Había descubierto el amor en cada centímetro del cuerpo de otro y que a la vez era suyo. Había reclamado el reino para que él gobierne y no tener que regresar a donde nadie supo nunca. Dejaron que pasen los años de amor en las sábanas de todas las camas de todos los dormitorios que tenía aquel castillo, en las piletas, las caballerizas, los laberintos que adornaban los jardines, sobre los mesones de los comedores, en el asiento real y debajo de las lámparas de los pasillos.
Hasta que no pudieron más.
La tarde cuando el rey murió, las cocineras vieron entrar un ave pequeña de ojos grandes como vasijas de alfarería y un pico muy parecido a las agujas de bordado. Dio un par de vueltas por el segundo salón atravesó el patio central y se poso delante del árbol azul que estaba delante de la habitación matrimonial.
Entonces todo se torno muy gris. El cielo se cubrió con un espeso manto de nubes sucias. El mar se dejó oír hasta los pueblos más lejanos como llanto de ancianas. Pero en realidad nadie más que ella lloró.
No podía recordar exactamente cómo fue que el reino la dejó olvidada y encerrada en aquella torre. Nadie nunca escucho sus gritos, y las cosas que lanzaba por la ventana parecían nunca llegar al suelo. La puerta. Simplemente había olvidado dónde estaba.
Así, solo podía ver transcurrir la vida de los demás en aquellas calles de caparazones, mientras el sueño le silbaba sus desgracias desde los cajones entreabiertos donde solía guardar sus dibujos.

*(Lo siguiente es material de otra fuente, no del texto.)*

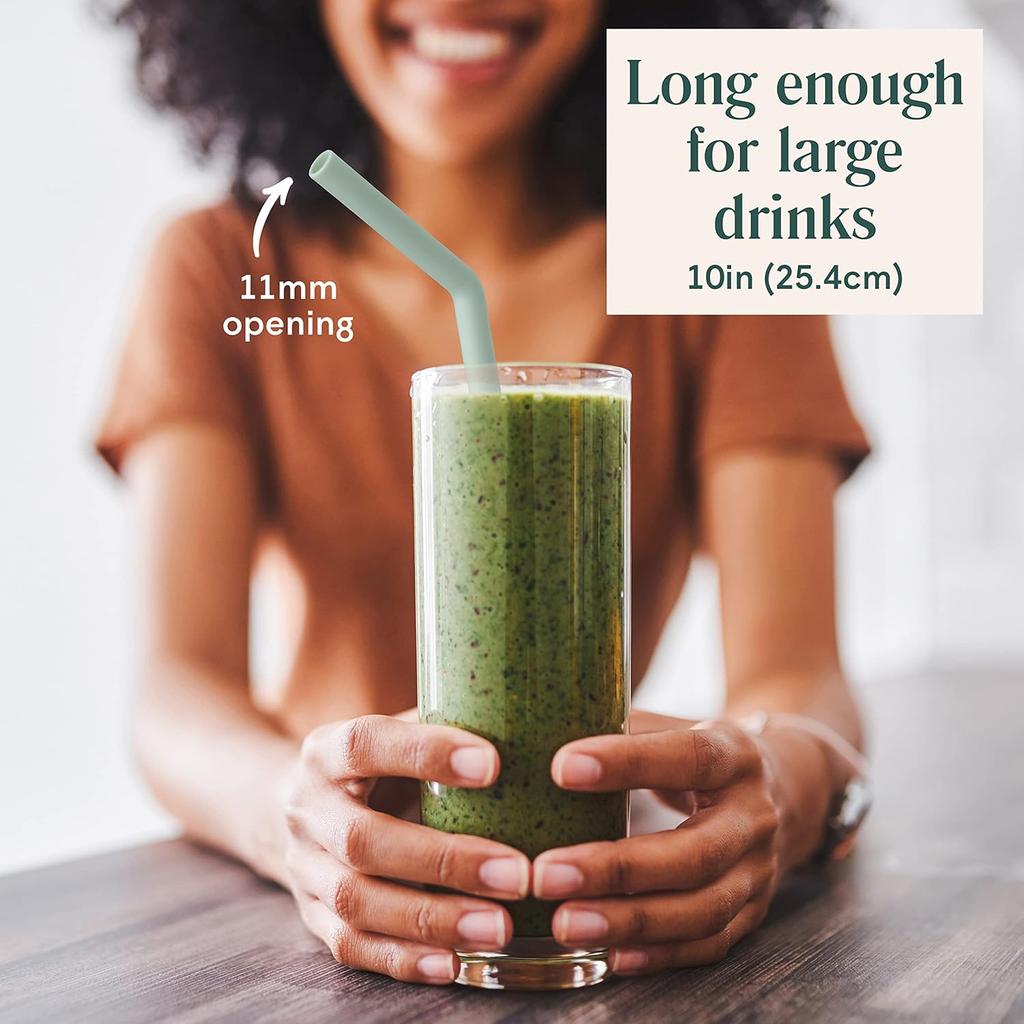 Simka Rose Premium Silicone Straws - Reble Bendy Straws for Adults & Kids - BPA Free, Baby and Toddler Straw Set with Cleaning Brush - Wide Drinking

De repente le asaltaba el recuerdo, como un golpe certero sobre el estómago, la ansiedad convertía sus delgadas piernas en raíces de ébano mientras giraba al darse cuenta que la puerta estuvo siempre detrás del espejo.
En aquel preciso momento volvía a abrir los ojos y clavarlos en el manantial gris que atravesaba la ventana, para darse cuenta que su esposo está al lado derecho de la misma cama matrimonial que ocupa el mismo dormitorio en el mismo departamento en Lima, desde hace veinte años de casada, a las 6 y 15 de la mañana.